**THE PROBLEM**. Output only the lines below from the one holding "Bergstraße Alpl in der Steiermark" down to the one holding "Greenworks 48V Brushless", both end lines included and every picture dropped.

**DATA LISTING**.
------------------------------------

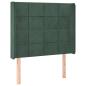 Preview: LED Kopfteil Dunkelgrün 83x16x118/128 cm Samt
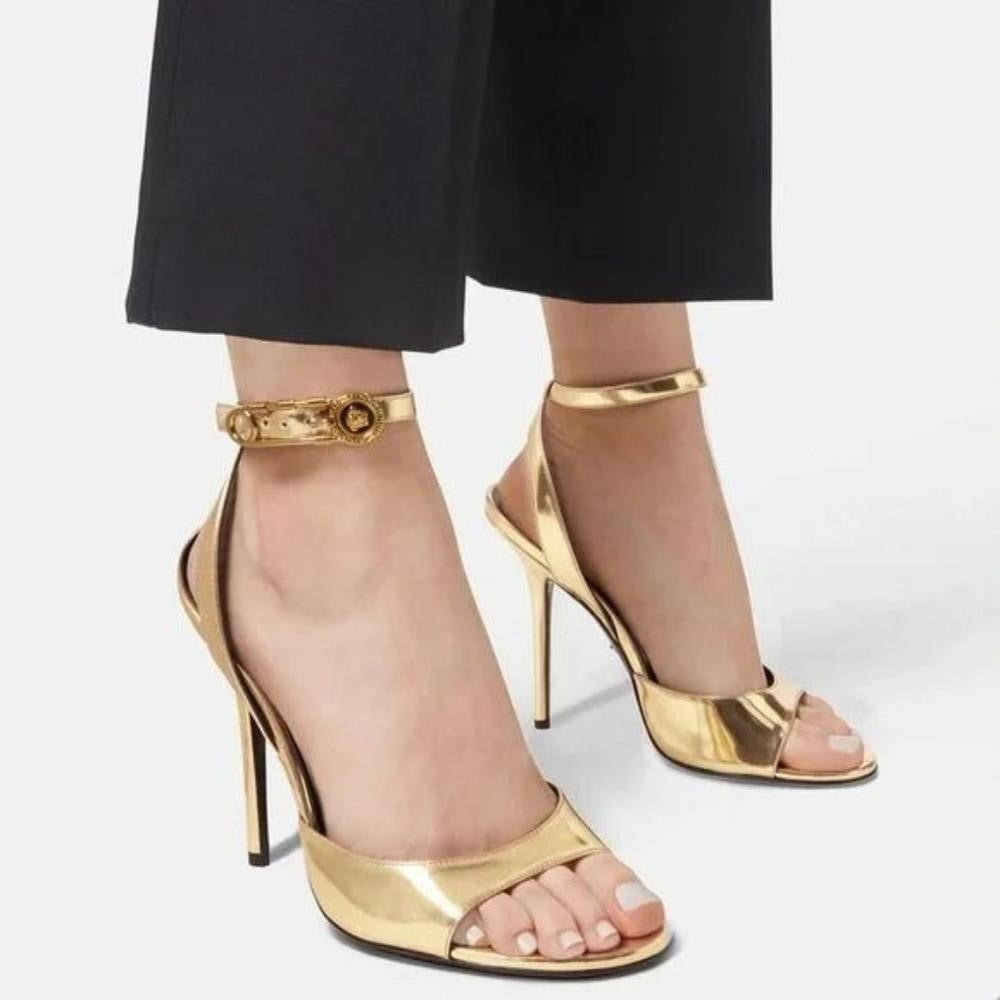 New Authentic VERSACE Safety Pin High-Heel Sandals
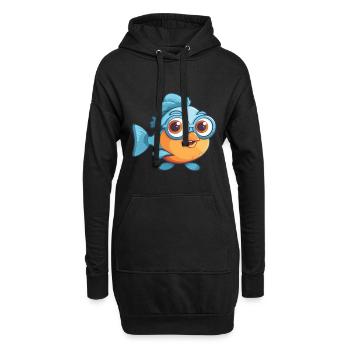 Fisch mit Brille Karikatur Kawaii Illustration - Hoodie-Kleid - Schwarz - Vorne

------------------------------------

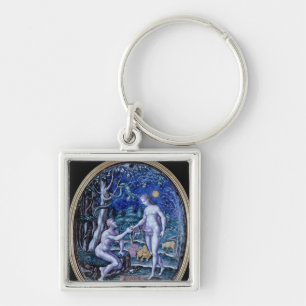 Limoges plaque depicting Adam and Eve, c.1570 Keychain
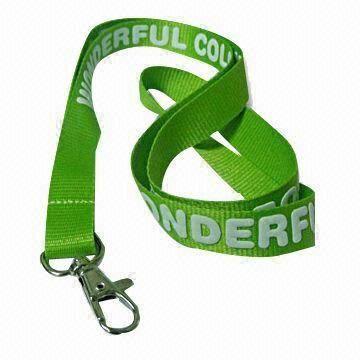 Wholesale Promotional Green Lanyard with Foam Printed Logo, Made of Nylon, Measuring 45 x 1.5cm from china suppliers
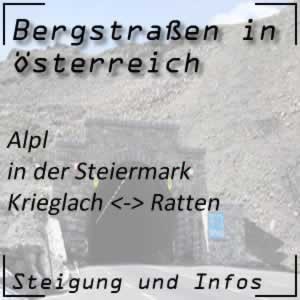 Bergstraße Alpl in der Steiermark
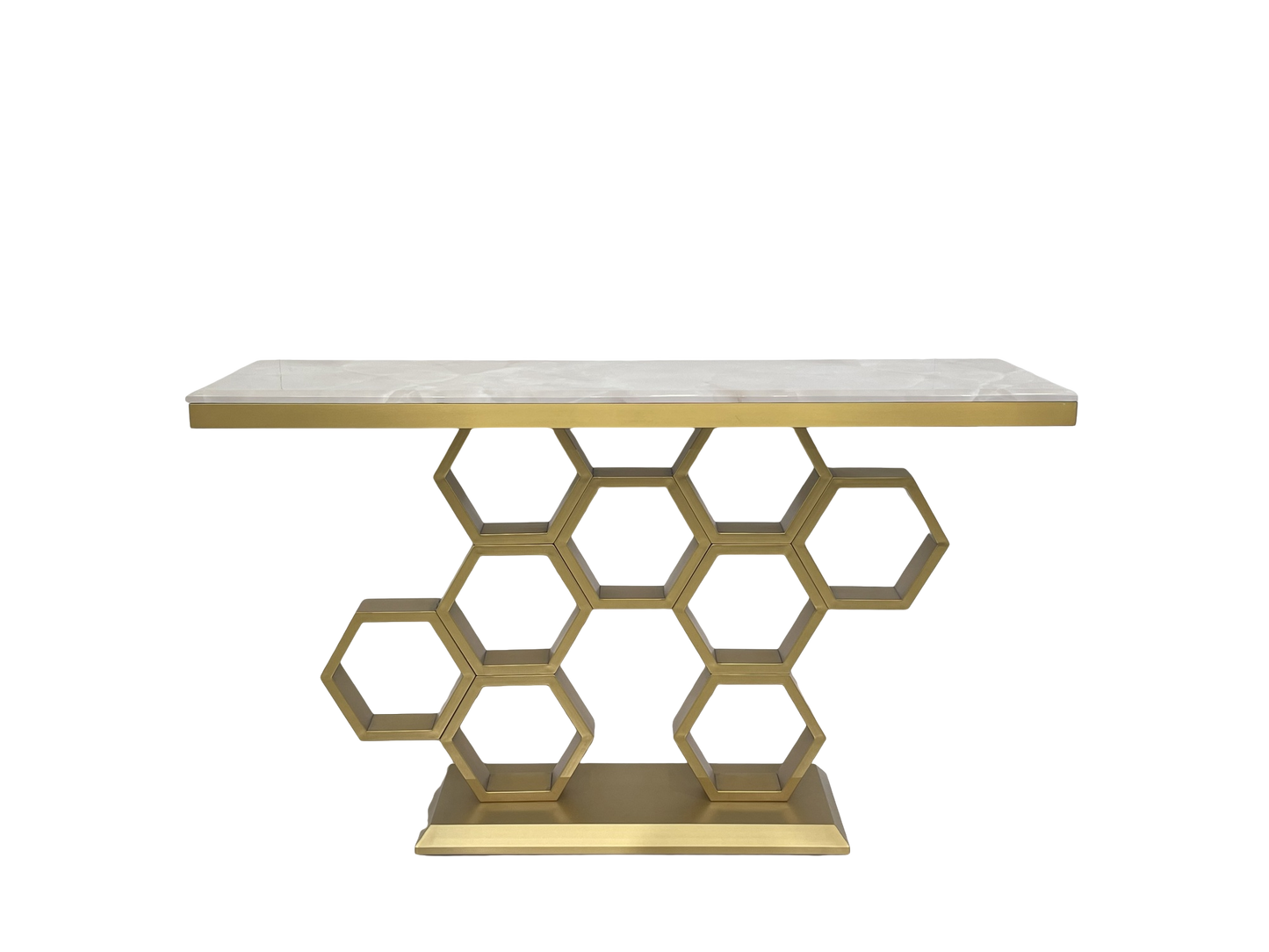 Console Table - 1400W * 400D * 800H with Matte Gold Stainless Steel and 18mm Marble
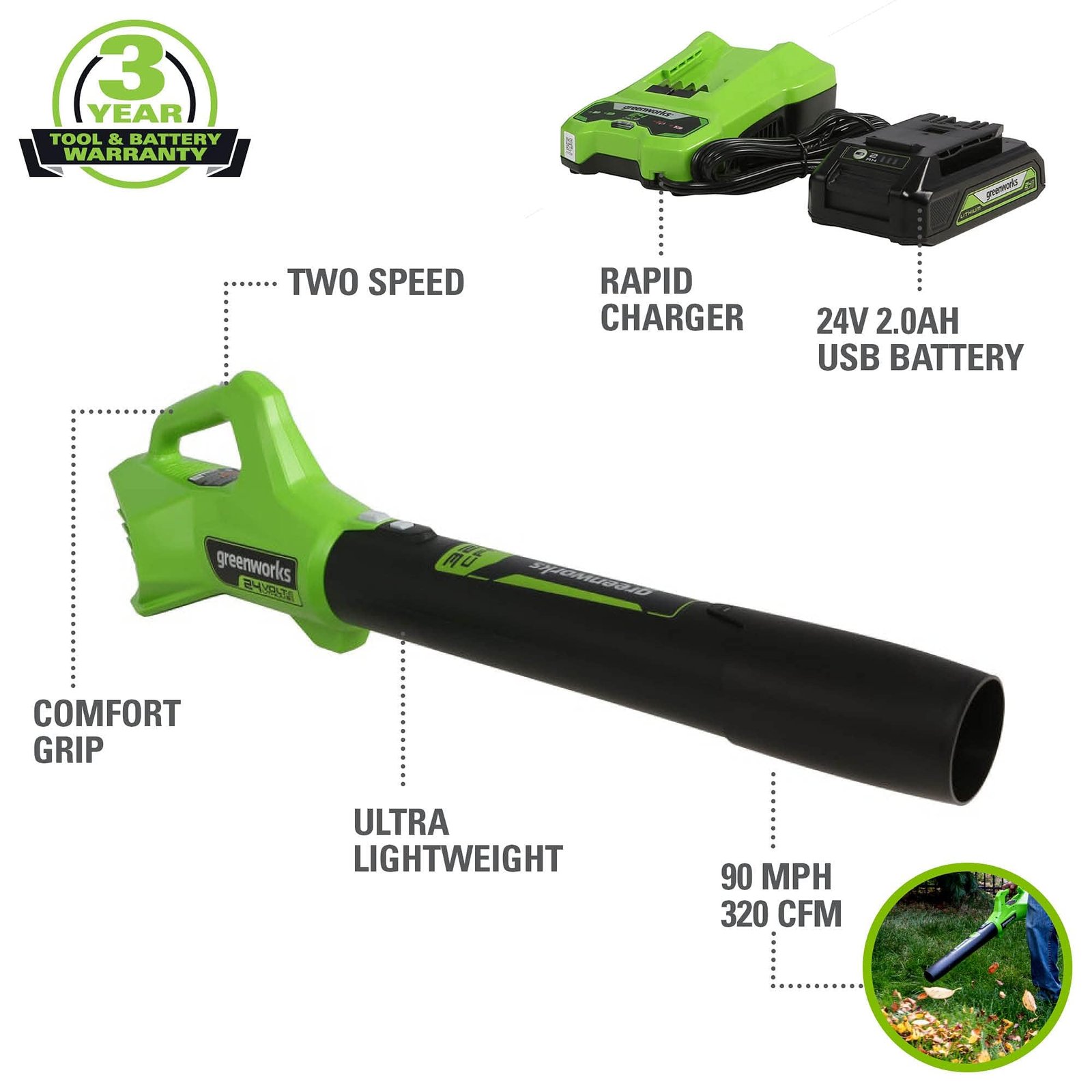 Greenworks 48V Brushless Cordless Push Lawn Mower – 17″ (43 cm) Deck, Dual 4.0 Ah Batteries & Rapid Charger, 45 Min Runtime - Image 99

------------------------------------

**RESULT OF THE TASK**.
 Bergstraße Alpl in der Steiermark
 Console Table - 1400W * 400D * 800H with Matte Gold Stainless Steel and 18mm Marble
 Greenworks 48V Brushless Cordless Push Lawn Mower – 17″ (43 cm) Deck, Dual 4.0 Ah Batteries & Rapid Charger, 45 Min Runtime - Image 99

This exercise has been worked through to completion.